ASSIGNMENT: Pictures excluded, output the lines of the data below between the one holding "Цæгат Ирыстоны каштанты" and the one holding "Fishing, Grundlsee, Toplitzsee", inclusive, exactly as they stand.

RECORD EXTRACTS:
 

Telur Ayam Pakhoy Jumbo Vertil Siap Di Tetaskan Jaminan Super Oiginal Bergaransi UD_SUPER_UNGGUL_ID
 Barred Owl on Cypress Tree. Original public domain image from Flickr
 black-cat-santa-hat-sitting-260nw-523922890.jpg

---

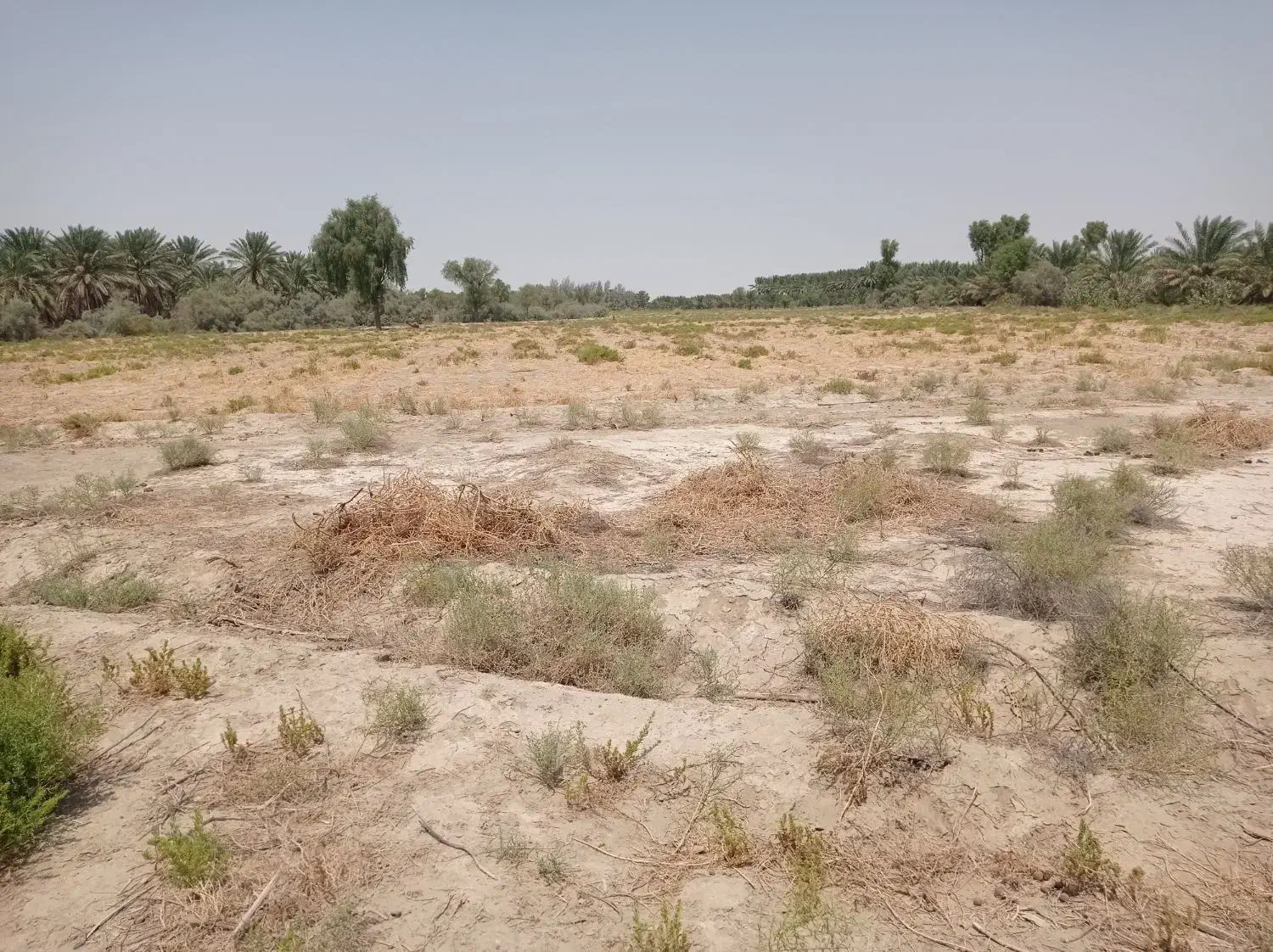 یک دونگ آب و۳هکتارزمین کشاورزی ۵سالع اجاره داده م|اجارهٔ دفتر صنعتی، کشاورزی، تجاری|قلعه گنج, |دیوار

--

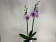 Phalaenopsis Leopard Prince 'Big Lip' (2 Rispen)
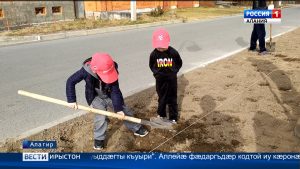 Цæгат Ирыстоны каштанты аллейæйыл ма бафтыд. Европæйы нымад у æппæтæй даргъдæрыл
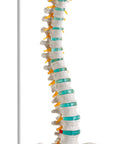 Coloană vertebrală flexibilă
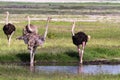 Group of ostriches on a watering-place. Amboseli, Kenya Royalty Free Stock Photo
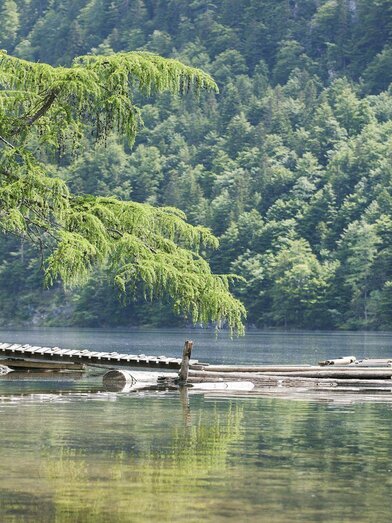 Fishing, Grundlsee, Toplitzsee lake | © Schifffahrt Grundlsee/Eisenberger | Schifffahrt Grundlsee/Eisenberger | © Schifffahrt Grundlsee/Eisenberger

FINISHED TASK:
 Цæгат Ирыстоны каштанты аллейæйыл ма бафтыд. Европæйы нымад у æппæтæй даргъдæрыл
 Coloană vertebrală flexibilă
 Group of ostriches on a watering-place. Amboseli, Kenya Royalty Free Stock Photo
 Fishing, Grundlsee, Toplitzsee lake | © Schifffahrt Grundlsee/Eisenberger | Schifffahrt Grundlsee/Eisenberger | © Schifffahrt Grundlsee/Eisenberger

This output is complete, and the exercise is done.